Her sister Maria, suddenly not an only child anymore, doesn't like Zsuzsi's presence. Margit tries to tell Zsuzsi that Teri was not her "mama," but Zsuzsi is homesick, keeping her belongings in her suitcase. After she runs off again, Peter offers her a deal: when she is older, he will buy her a ticket to Hungary, if she still wants to go, but first she must try to adjust.

 With Sheila, teenaged Suzanne sneaks out to park, neck, and drink with her older boyfriend Paul. Margit forcibly pulls her back home. Now eighteen, Maria tries to advise Suzanne, but Maria admits she wants to marry and escape their parents. Peter must travel to Dallas for work. Suzanne stays out all night with Paul. At Margit's admonishment, Susanne shouts, "I hate you!" Margit installs bars over Suzanne's bedroom window, and a lock outside her door – "I won't let you ruin your life." Paul knocks on Suzanne's window; Margit threatens to call the police. Suzanne starts shouting "Mom, open the door!" but Margit puts on the vacuum to drown her out. Suzanne loads and fires the rifle she just found while looking for her old suitcase. Arriving home, Peter hears shots fired and confronts Suzanne, who apologizes the next morning. She declares she must go to Budapest. Margit protests, "in Hungary, people disappear for saying the wrong word? And you shoot up your room!" Suzanne reminds Peter of his promise.

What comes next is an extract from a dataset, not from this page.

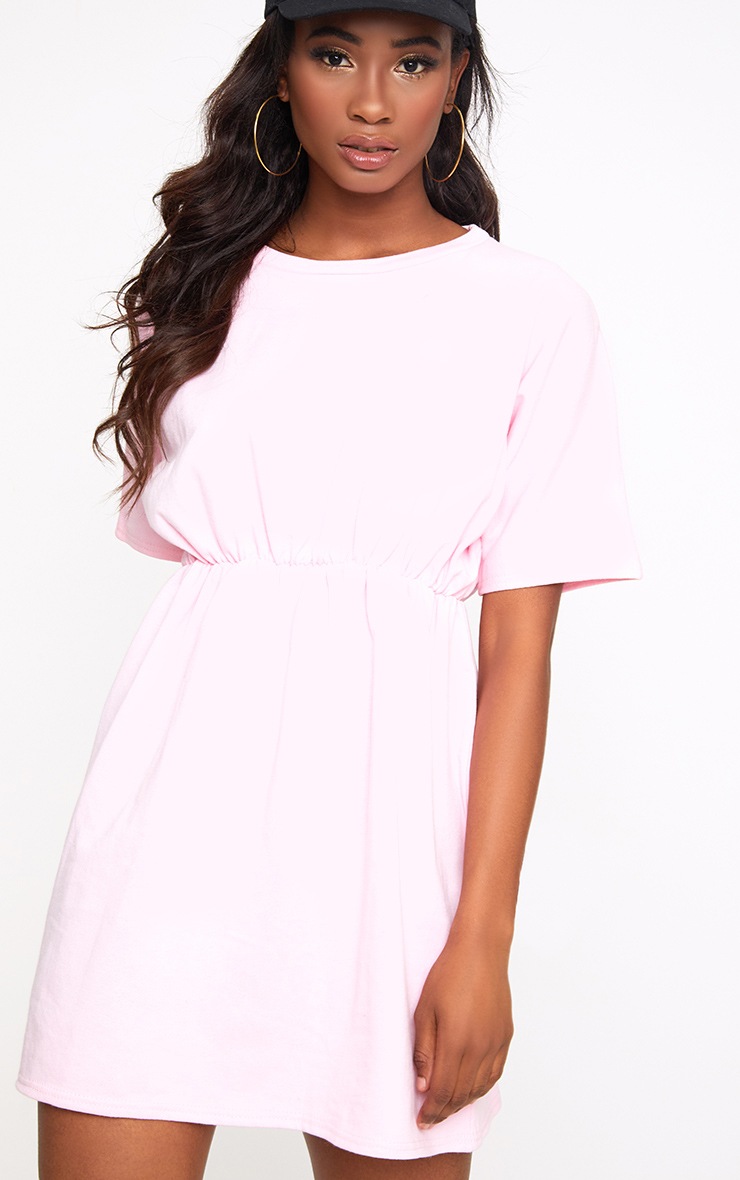Baby Pink Waist Detail Sweater Dress. Dresses PrettyLittleThing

Zsuzsi reunites at Jeno's and Teri's new Budapest flat, since "a government big shot" commandeered their village home. First-hand, she witnesses the terrible conditions in communist Hungary. Suzanne tells her grandmother Helen about Paul, lamenting how she makes everyone unhappy. Asked why Margit hated Budapest, Helen explains, drunken Russian soldiers wanted young Margit, and killed her father for intervening. Margit vowed to leave for a better world for her children. Zsuzsi tells Jeno and Terri, "I love you," but "this is no longer my home." Helen's mansion now houses "ten or twelve" different families. Helen also recounts her prison years. Suzanne asks, "What do I do?" Helen replies that she already knows, and "We all made mistakes out of love."

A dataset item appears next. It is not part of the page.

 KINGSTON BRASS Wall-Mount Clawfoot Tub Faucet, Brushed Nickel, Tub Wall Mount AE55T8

 Suzanne returns to L.A. where Margit says she is proud of her "brave girl." Suzanne counters, "You're brave....Hi mom."

==Reception==
An American Rhapsody received mixed reviews, currently holding a 51/100 rating on Metacritic based on 22 critics, indicating "mixed or average" reviews. Rotten Tomatoes gives the film a 56% approval rating based on 61 reviews, with an average rating of 5.61/10. The website's critics consensus reads, "Though obviously a labor of love, American Rhapsody is an uneven, heavy-handed effort, particularly in the second half".